The key takeaways from the above comparison are:
- Performance: The India Domestic Top 50 simulation provided slightly higher risk-adjusted returns compared to the other two index simulations.
- Valuation, profitability and ESG: All indexes were comparable in terms of valuation ratios, profitability and ESG metrics.
- Investability: The MSCI India Index provided access to higher market-cap coverage with lower turnover and more liquidity (higher annualized trade value ratio11).
- Tracking risk: The Top 50 indexes resulted in sizeable tracking error versus an index that captured a wider opportunity set (the MSCI India Index), especially the MSCI India Domestic Top 50 Index simulation. The tracking risk has remained elevated especially during more volatile times (more than 3% since 2020 for the MSCI India Domestic Top 50).

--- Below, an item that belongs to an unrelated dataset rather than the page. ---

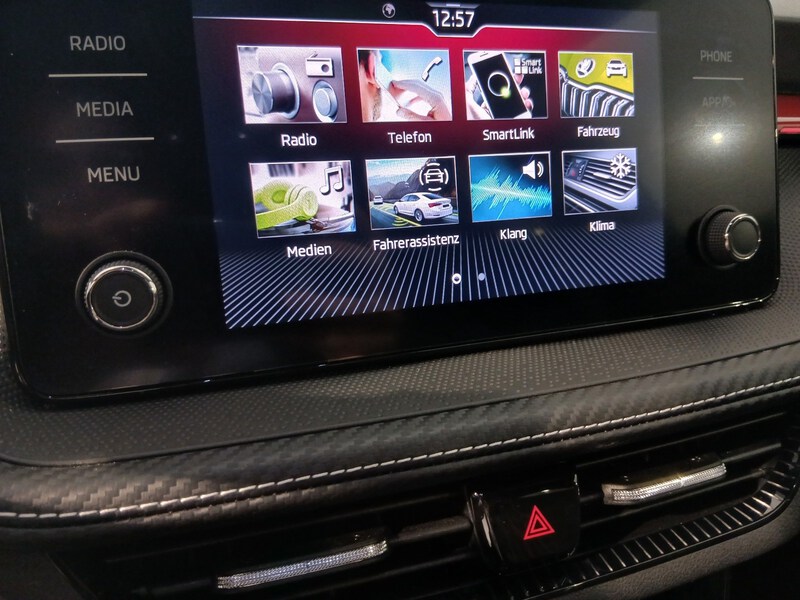 Fahrzeugabbildung Fabia 1.0 TSI Monte Carlo OPF Bild 31 von 47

- Sector composition (see bellow): The MSCI India Domestic Top 50 Index provided greater exposure to the financial sector at the expense of other sectors (compared to the MSCI India Index). This was primarily driven by the inclusion of regulated financials with zero foreign room. For example, HDFC Bank Limited represented 9.15% in the MSCI Domestic Top 50 Index but was not in the MSCI India Index as of Dec. 30, 2022.
Concentrated sector exposures
As of Dec 30, 2022.
Diversified relative to concentrated
In summary, the MSCI India Index relative to a concentrated, simulated portfolio of the MSCI India Top 50 Index resulted in similar performance, valuations, profitability and ESG characteristics, higher market-cap coverage and liquidity, lower tracking risk and more diversified sector exposures. After considering factors such as liquidity and open interest, investors could weigh these outcomes against taking direct exposure using futures linked to India indexes that capture a narrow subset of the local universe.
The authors would like to thank Hitendra Varsani for his contribution to this blog.
1 Source: IMF. Historical data from 1980 to 2021. Forecasts from 2022 to 2027.
2 Source: IMF, World Economic Outlook Database, October 2022, State Bank of India “Ecowrap,” Sep. 3, 2022.
3 As of December 30, 2022
4 From Dec 31, 1998, to Dec 30, 2022.
5 The information is generated from third party sources and MSCI doesn’t assert the accuracy of the information. Includes both active and indexed investors in all MSCI India equity indexes. As of Sep 30, 2022.
6 This calculation is a conservative approximation based on the weight of India in MSCI Emerging Markets and MSCI ACWI indexes. The AUM figures used are for indexed investors covering all MSCI Emerging Markets and ACWI equity indexes. As of Sep 30, 2022.
7 ETF Fund providers include iShares, Lyxor, Amundi, Barclays etc. listed on various exchanges globally. The information is generated from third party sources and MSCI doesn’t assert the accuracy of the information.
8 Based on data from ICE Futures U.S., ICE Futures Europe, Eurex, HKEX.
9 India Rupee.
10 The FIF of a security is defined as the proportion of shares outstanding that is available for purchase in the public equity markets by international investors. This proportion accounts for the available free float of and/or the foreign ownership limits applicable to a specific security (or company). The DIF of a security is defined as the proportion of shares outstanding that is available for purchase in the public equity markets by domestic investors.
11 The Annualized Trade Value Ratio (ATVR) is used to measure liquidity. MSCI uses ATVR as an investability criterion to determine the inclusion of securities into the MSCI indexes.